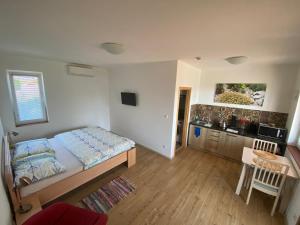 Postel nebo postele na pokoji v ubytování Apartmány Přítluky + 37 fotografií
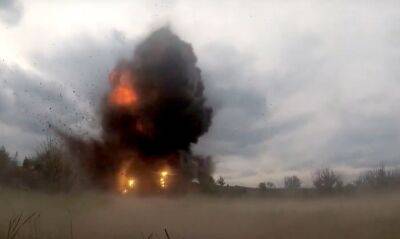 Киев содрогается от взрывов: сразу в трех районах очень громко, что происходит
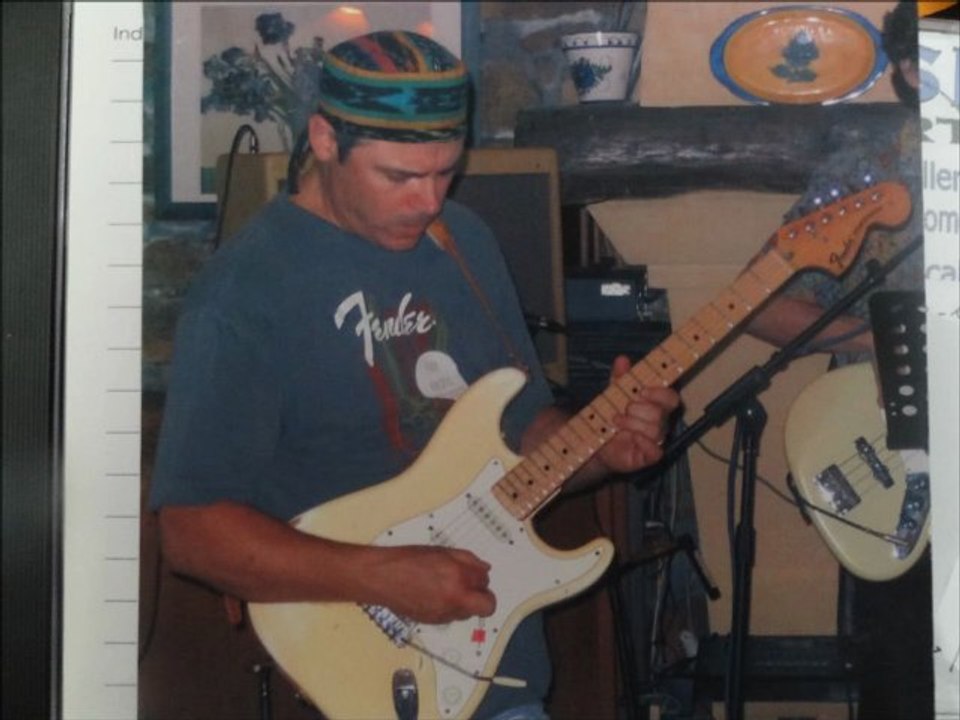 GOOD  MORNING BLUES - ( Mario Vilas Quartet 20/08/2004 )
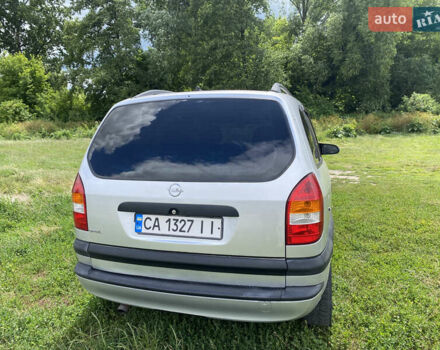 Серый Опель Зафира, объемом двигателя 2.2 л и пробегом 450 тыс. км за 3800 $, фото 10 на Automoto.ua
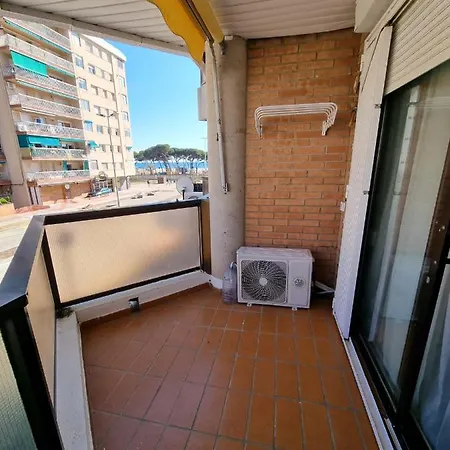 Piso De Playa Primera Linea *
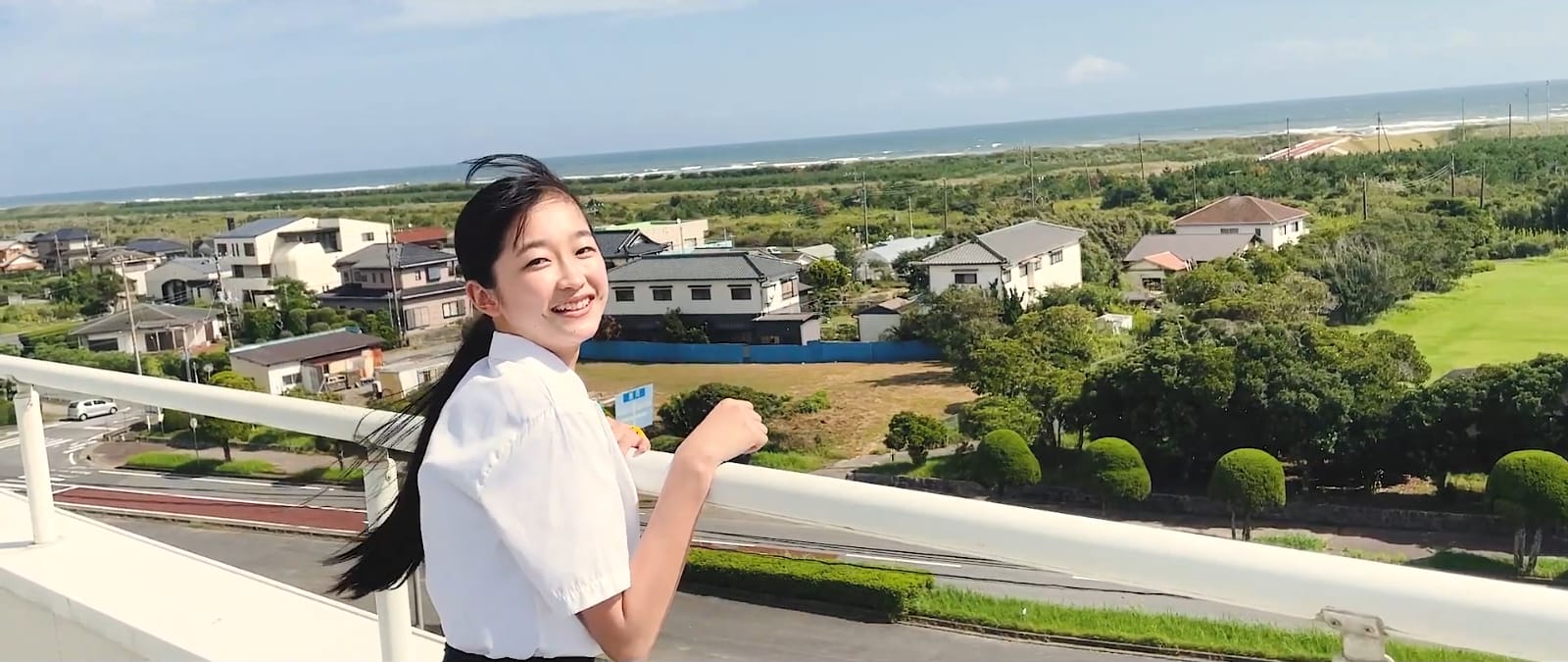 ちばひなの 水着ビキニ画像「少女歌劇団ミモザーヌ」の一期生 - 芸能アイドルモデル女優水着画像集 3枚目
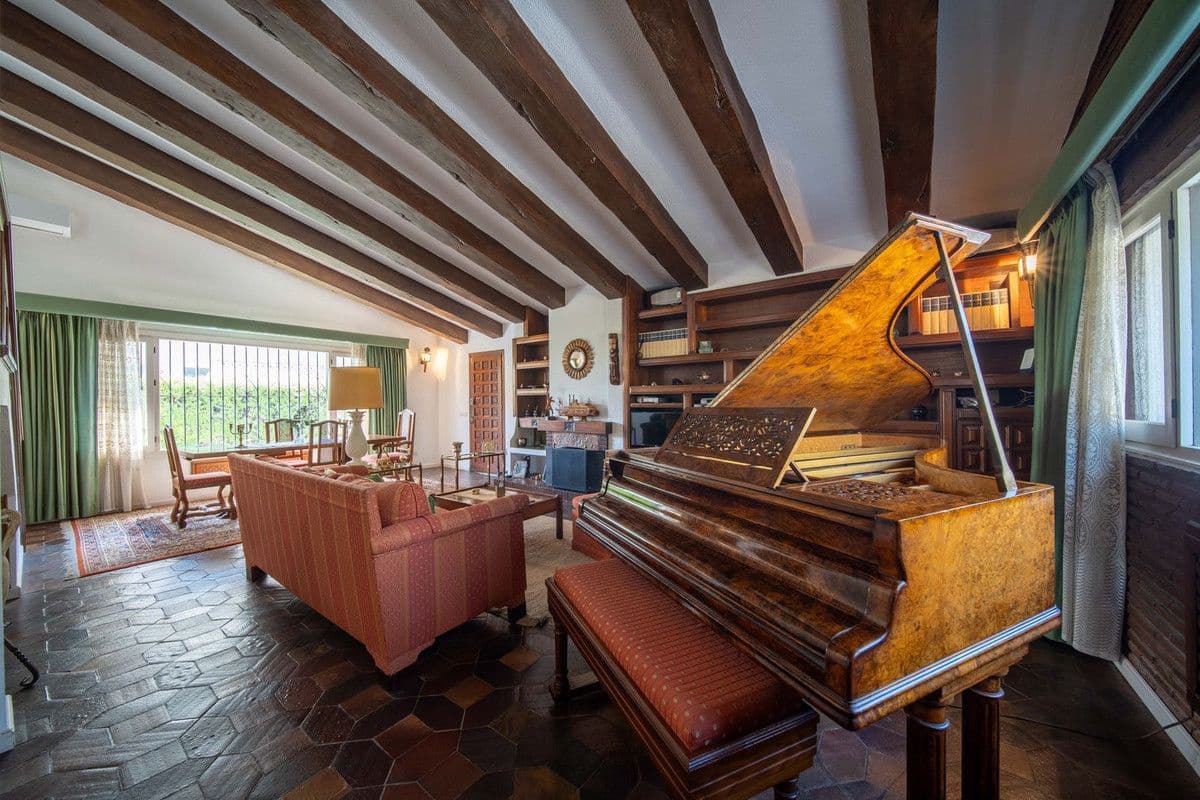 3 makuuhuone Huvila myytävänä paikassa Fuengirola mukana uima-altaan 
autotalli - 1 550 000 € (Ref: 9405952)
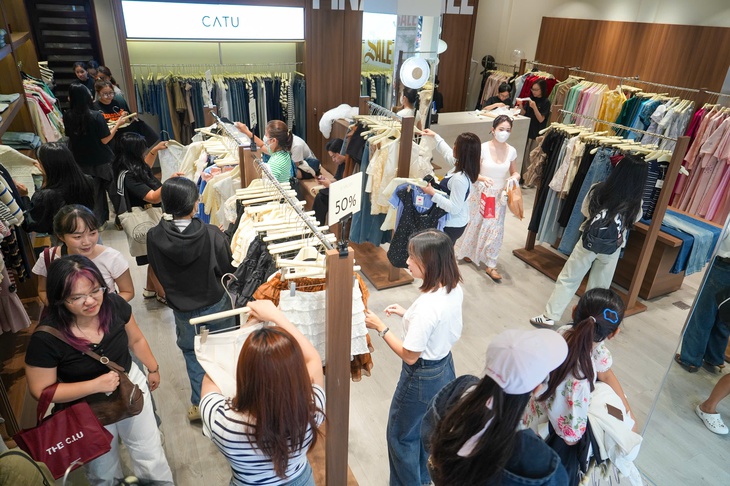 Chưa tới Black Friday, nhiều cửa hàng đã khuyến mãi 50-70% để hút khách - Ảnh 3.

Directions: Return exactly the lines from the line with "3 makuuhuone Huvila" through the last line of the data above, both included; pictures do not go in the answer.

The answer:
 3 makuuhuone Huvila myytävänä paikassa Fuengirola mukana uima-altaan 
autotalli - 1 550 000 € (Ref: 9405952)
 Chưa tới Black Friday, nhiều cửa hàng đã khuyến mãi 50-70% để hút khách - Ảnh 3.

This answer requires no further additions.